Thursday, February 01, 2007

A strange, but nice feeling.

Today was a good and bad day. I took Ryan to my sisters house so he could play with his cousins and I could get some things done around here. As usual, on my way home, alone, I start to get sad and think about Wayne. I hate not having him here to talk to, to laugh with and just have my best friend by my side. I discovered something about myself and the feelings I am having. I'm not sure if it's a real thing, but I have to call it "Survivor Guilt". I believe I have survivors guilt, as I am so upset that Wayne is gone. Angry that he was taken at such a young age and in the prime of his life. He was so happy and in love. It is true, that he busted his hump all the time and could never sit still, be he was living his life the way he wanted to.

I am not allowing myself to move forward, because I am heartbroken that he is gone and his life here, is over. How can I be happy when he is not here? How can I be happy, knowing that I will never wake up with him again, I will never fall asleep in his arms again and he won't be here for the most important, everyday stuff. So, now that I have made this discovery, I have to figure out how to act upon it and what I am supposed to do with this knowledge. When I figure out my next steps, I will let you know.

As for the heading of my blog tonight; I took Ryan to bed and he was very calm, there was a strangeness about him.
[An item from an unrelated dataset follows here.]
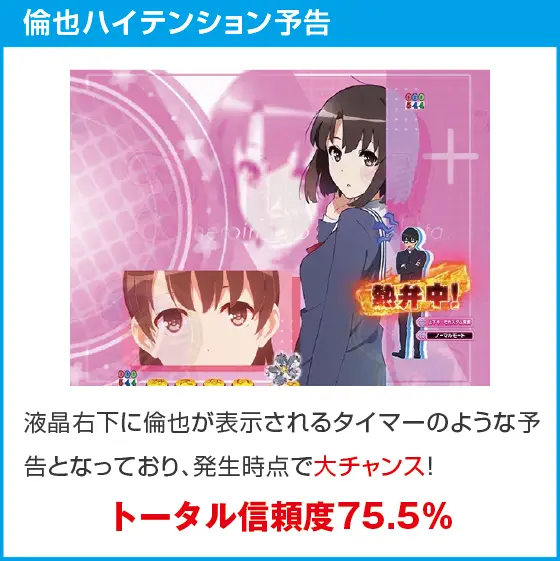 ｅ冴えない彼女の育てかたのスペック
He layed on his side of the bed and I proped up a smaller pillow on top of the regular pillow, so he could drink his ba and fall asleep. He first put his one arm behind his head and layed there watching t.v. He looked like Wayne laying there, watching t.v. Then, he kind of rolled over and started to wipe my eyes, as if I were crying. He was so gentle and wiped one eye, then the other and continued to do so for about a minute or two. Then, he layed his arm out and wanted me to put my head on his arm and little chest and snuggle, he grabed my other arm and litteraly, had my put it across his chest and belly. Almost exactly how I would cuddle up with Wayne. Ryan was so calm and it was such a strange feeling. Almost as if Wayne was guiding him to do this. At one point, I looked at him and he just layed there, staring at me. This lasted for about five minutes.(the staring) I'm not sure what happened, but inside, it made me feel like Wayne was around, that he heard me talking to him today and the sweet gentle touches from Ryan were via him.

Well, that's all I have for you tonight. Actually, pretty tired. We seem to keep busy so much during the week, that I am ready for bed by 6pm each night.